昭和の青春時代を思い出す時、絶対に外せないのが、大阪のイベント会場です。その多くが今はもう無くなってしまっているのが寂しいのですが・・。例えば南海ホークスの本拠地大阪球場。野球だけではなく、1989年・UWFの前田―ドールマン戦がありました。大阪に住んでいた僕と同年代の女性なら、西城秀樹のコンサート会場として有名かも知れません。
扇町プールは、建物自体は見たことがありますが、僕の父親世代には、力道山とルー・テーズの世界戦が行われた場所として有名でしたが、今はもう昔に取り壊されました。

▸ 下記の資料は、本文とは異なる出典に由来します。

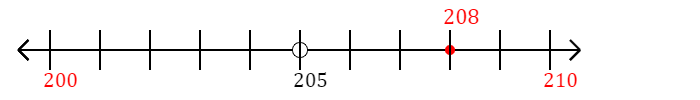 208 rounded to the nearest ten with a number line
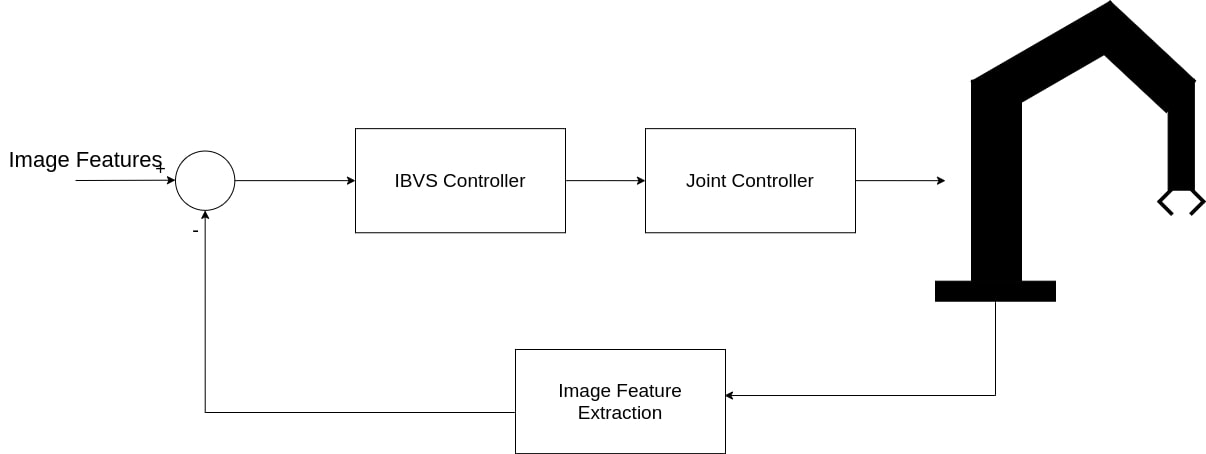 Image-based visual servoing scheme 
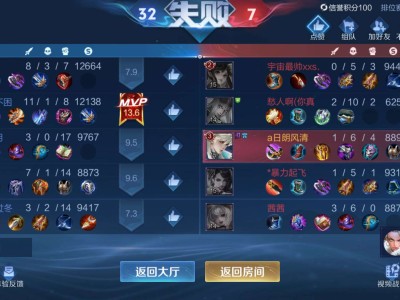 【交流】不是很能理解游戏攻略_手游下载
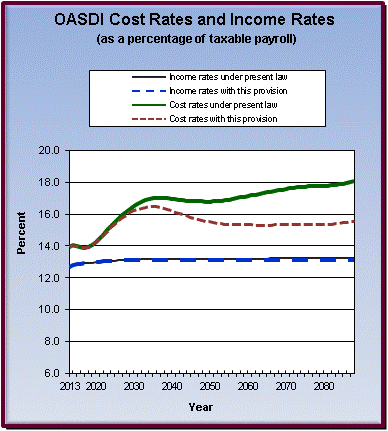 graph of OASDI cost rates and income rates by year, under
                 present law and provision. click on graph to view underlying
                 data.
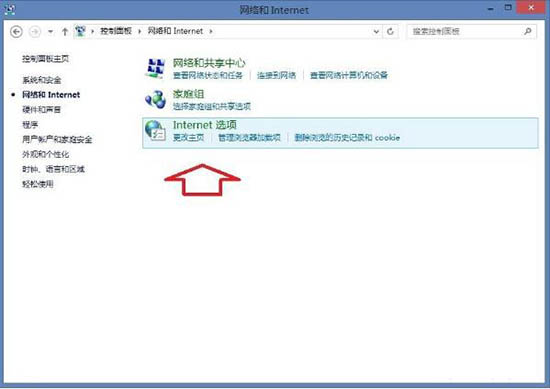 Internet 选项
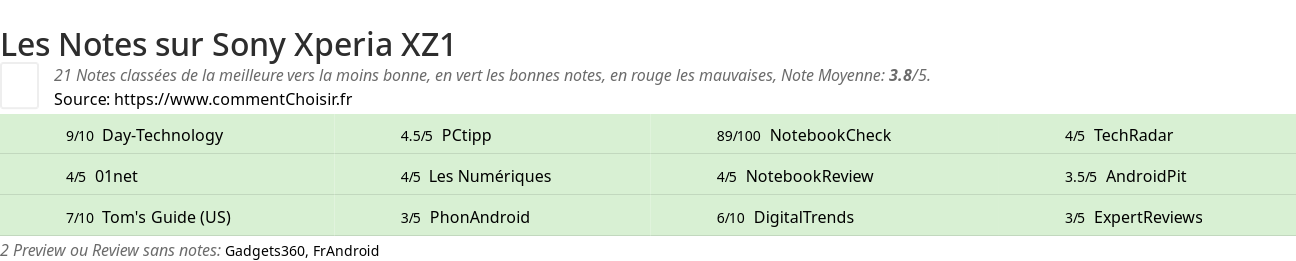 Ratings Sony Xperia XZ1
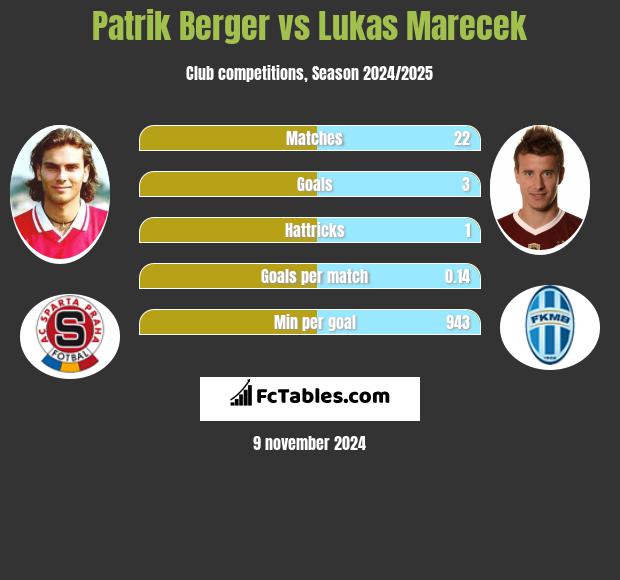 Patrik Berger vs Lukas Marecek h2h player stats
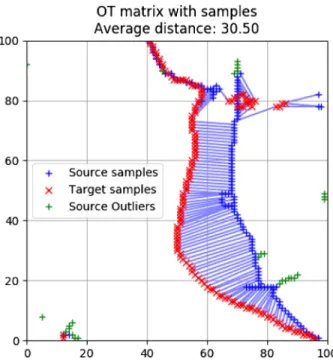 Figure 5. An illustrative example of the optimal pairing of ground truth pixels and predicted structures, as well as the mean distance between them.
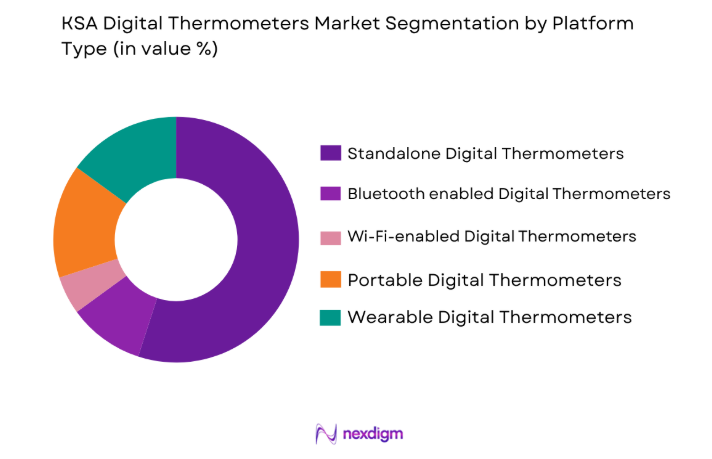 KSA Digital Thermometers Equipment Market by platform type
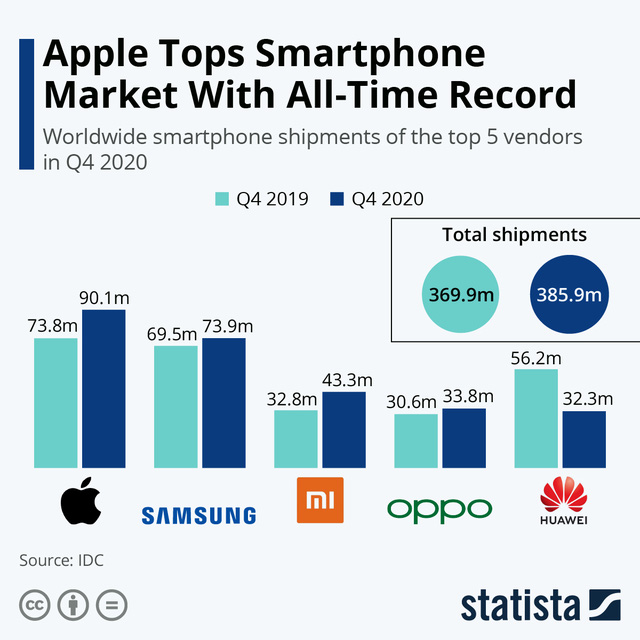  Sau 5 năm, Apple cuối cùng đã giành lại được vị trí ‘vua di động’ từ tay Samsung - Ảnh 2.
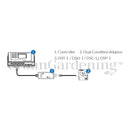 TrolMaster Hydro-X Dual Condition Adaptor (DCC-1)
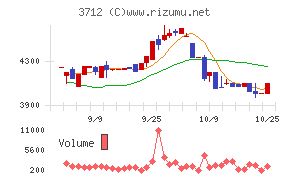 情報企画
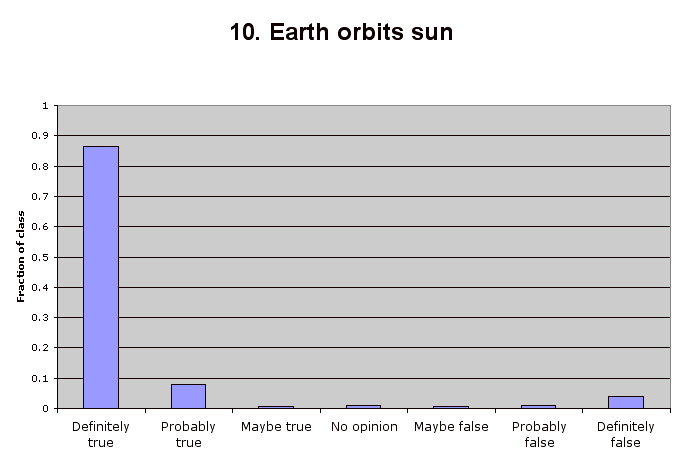 10. Earth orbits sun
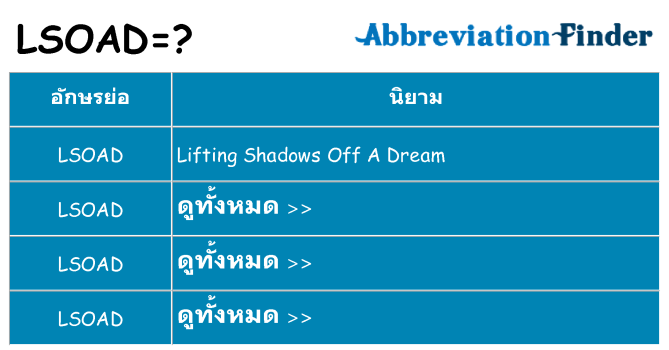 อะไรไม่ lsoad ถึง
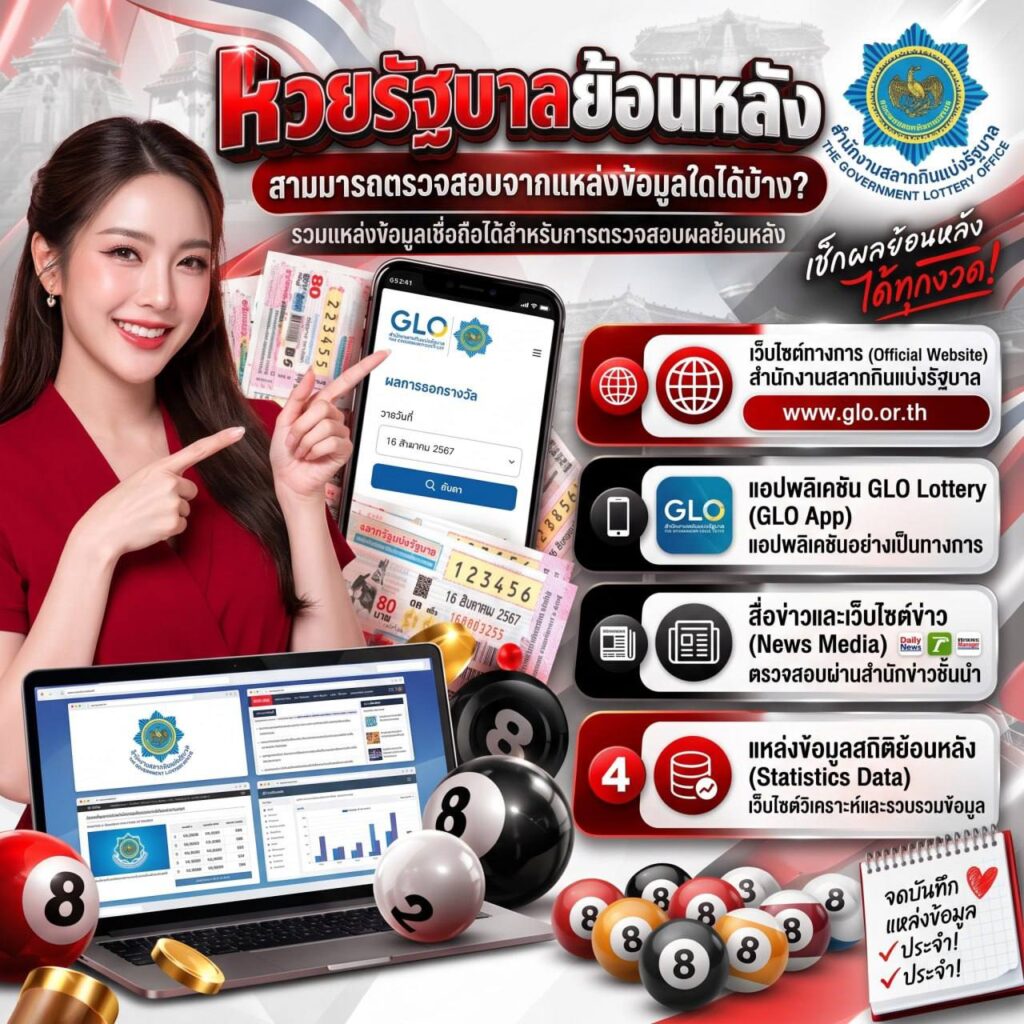 หวยรัฐบาลย้อนหลัง ตรวจผลสลากกินแบ่งรัฐบาลได้อย่างไร?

僕の大好きなイベント会場は大阪府立体育会館。「体育館」ではなく、「体育会館」が正式名称でした。1987年2月、現在の建物が2年がかりの工事の末に完成しました。綺麗で明るい体育会館。
でも、僕にとっての大阪府立体育会館は、やはり1985年2月を最後に、その歴史を閉じた旧・大阪府立体育会館です。
何度、この会場に足を運んだのか数えきれませんが、強烈な思い出は、初めてここを訪れた昭和44年12月2日。アントニオ猪木がドリー・ファンク・ジュニアに挑戦したNWA世界ヘビー級戦でした。60分3本勝負なのに、1本をどちらかが取ることもなく、フルタイムを動き回っての引き分けに終わった名勝負でした。
体育館の総合的な設備の面では、現在の大阪府立体育会館は何の申し分もありません。しかし、あの旧・大阪府立体育会館の独特の古ぼけた雰囲気、埃っぽい感じが忘れられません。
今のイベント施設と違い、当時の府立体育会館にはエアコンが無く、天井は鉄骨が剥き出しの施設でした。夏のプロレス観戦はおろか、コンサートでも、うちわを片手に鑑賞しなければならない施設でした。
音響も、フェスティバルホールどころか、厚生年金会館にもかなわない施設でしたが、あのビリー・ジョエルが「ストレンジャー」「ニューヨーク52番街」「グラスハウス」の大ヒットとグラミーを引っさげて、1981年4月20-21日に来日コンサートを行ったのが何とここなのです。あれにはたまげました!(笑) 東では武道館なのに、大阪では「ここ?」と心底驚きました。
コンサートでは京セラ・ドームや、ザ・シンフォニー、大阪城ホール、いづれ再オープンするフェスティバルホールには歯が立ちませんでした。しかし、プロレス会場としては、これ以上にない雰囲気を醸し出した思い出の体育会館でした。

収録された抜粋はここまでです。